増毛メーカー「プロピア」破たん グラドルCM起用で知名度向上も…
頭皮に人工毛髪を張り付けるかつら製品「ヘアコンタクト」で知られる「プロピア」が9日までに、東京地裁に民事再生法の適用を申請した。負債額は今年3月時点で約43億7500万円。ヘアコンタクトは米ハリウッドからも引き合いがきたほどだったが、その後の業績不振などから立ち直ることはできなかった。
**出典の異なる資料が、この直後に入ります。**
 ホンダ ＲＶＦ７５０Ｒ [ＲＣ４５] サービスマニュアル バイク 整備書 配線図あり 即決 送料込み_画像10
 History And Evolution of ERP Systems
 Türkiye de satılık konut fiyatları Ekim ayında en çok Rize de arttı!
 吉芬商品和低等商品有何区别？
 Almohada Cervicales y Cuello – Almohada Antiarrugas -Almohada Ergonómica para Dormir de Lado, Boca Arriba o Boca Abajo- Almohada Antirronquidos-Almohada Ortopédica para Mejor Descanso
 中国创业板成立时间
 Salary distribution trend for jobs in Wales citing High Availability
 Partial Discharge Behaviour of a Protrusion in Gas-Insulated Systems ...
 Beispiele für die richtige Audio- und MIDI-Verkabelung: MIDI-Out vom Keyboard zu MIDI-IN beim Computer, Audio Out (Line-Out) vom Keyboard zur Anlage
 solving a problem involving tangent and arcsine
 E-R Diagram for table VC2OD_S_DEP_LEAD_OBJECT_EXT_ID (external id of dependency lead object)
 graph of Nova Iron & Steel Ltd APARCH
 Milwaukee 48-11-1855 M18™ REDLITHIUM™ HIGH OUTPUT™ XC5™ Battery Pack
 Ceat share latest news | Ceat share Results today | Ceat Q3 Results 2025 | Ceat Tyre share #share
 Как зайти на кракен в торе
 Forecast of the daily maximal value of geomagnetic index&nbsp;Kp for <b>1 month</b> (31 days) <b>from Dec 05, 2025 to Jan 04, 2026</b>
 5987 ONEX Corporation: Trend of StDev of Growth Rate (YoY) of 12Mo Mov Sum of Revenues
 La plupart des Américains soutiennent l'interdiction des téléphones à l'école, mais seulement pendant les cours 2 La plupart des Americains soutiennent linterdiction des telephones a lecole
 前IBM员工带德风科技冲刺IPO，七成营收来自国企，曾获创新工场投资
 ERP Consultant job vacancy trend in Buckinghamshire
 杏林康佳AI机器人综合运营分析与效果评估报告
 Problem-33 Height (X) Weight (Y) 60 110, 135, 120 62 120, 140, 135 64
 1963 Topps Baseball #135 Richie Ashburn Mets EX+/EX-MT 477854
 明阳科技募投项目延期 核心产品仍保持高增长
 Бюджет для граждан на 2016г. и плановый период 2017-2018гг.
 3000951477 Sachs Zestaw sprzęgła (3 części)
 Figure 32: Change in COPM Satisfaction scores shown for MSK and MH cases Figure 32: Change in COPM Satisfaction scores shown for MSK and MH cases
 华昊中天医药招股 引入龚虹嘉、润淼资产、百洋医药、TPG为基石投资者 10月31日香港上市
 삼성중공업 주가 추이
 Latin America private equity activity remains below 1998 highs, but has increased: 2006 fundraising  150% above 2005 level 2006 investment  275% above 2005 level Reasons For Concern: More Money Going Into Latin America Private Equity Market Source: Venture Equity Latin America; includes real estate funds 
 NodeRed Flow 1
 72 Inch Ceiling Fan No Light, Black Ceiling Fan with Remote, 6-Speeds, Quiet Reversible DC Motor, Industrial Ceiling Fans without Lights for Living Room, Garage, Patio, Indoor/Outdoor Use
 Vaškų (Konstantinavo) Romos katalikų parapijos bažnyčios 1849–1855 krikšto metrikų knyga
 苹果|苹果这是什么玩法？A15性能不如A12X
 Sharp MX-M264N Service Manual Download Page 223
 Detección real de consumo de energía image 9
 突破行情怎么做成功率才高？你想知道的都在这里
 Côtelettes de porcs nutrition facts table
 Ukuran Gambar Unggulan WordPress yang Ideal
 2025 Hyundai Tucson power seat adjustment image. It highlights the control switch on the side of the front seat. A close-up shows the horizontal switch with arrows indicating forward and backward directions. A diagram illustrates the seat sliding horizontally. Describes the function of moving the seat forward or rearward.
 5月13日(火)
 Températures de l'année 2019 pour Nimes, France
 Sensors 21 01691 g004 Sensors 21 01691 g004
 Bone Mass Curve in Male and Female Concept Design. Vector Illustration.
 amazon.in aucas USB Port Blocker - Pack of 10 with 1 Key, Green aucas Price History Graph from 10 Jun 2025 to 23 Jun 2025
帝国データバンクなどによると、プロピアは1984年7月に設立。当初、視力回復コンサルティングを目的としていたが、毛髪に関するコンサルティングやかつら製造業に進出。人工毛髪を縫いつけた0.03ミリの超極薄の透湿性皮膜が頭皮と一体化する独自商品、ヘアコンタクトを主力商品に急成長した。
指先や腕から髪の毛が伸びるヘアコンタクトのCMは特撮がはやっていた米ハリウッドでも話題になり、引き合いがきたほど。このCMをつくったのは「テリー伊藤さんから紹介してもらった制作会社」(保知宏社長)だったという。
グラドル云々はわからないが、少なくとも、この会社にとってはテリー伊藤に会ったのが幸いでもあり、禍いでもあったようだ。
技術力でも独自のものを持っていたのだが、深夜番組の一社提供やテリー伊藤を使ったCMなどでかなり過大な広告費が負担になり、無理な地方への一挙展開などがたたって資金ショートしたとのこと。
かつら業界は今どうなのだろう?少し髪が薄くなった若い人は、スキンヘッドにする人が多くなっているように思う。そういう意味からも、なかなか難しいのかもしれない。